-- Opening Marker --

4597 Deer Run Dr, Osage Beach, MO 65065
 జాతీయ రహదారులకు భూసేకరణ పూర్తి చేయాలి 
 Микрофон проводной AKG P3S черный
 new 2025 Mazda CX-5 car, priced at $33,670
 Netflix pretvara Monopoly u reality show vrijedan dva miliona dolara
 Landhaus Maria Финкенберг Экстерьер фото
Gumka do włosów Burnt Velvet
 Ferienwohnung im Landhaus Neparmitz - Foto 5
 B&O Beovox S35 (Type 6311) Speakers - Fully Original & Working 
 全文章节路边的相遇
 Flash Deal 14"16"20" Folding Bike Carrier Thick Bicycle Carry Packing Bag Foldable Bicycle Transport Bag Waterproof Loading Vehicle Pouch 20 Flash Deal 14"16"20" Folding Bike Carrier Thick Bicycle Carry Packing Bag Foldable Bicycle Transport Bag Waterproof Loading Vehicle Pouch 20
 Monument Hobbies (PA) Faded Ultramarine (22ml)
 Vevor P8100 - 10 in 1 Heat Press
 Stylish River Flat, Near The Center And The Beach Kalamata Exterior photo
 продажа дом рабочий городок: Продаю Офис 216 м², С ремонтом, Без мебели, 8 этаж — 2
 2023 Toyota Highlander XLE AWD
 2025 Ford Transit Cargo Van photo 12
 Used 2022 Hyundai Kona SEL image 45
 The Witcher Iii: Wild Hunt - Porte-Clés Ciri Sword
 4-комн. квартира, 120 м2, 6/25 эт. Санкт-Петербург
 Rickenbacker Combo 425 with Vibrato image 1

-- Closing Marker --

Your instructions: Copy out all lines of the listing above that include "Landhaus".

The completed task:
 Landhaus Maria Финкенберг Экстерьер фото
 Ferienwohnung im Landhaus Neparmitz - Foto 5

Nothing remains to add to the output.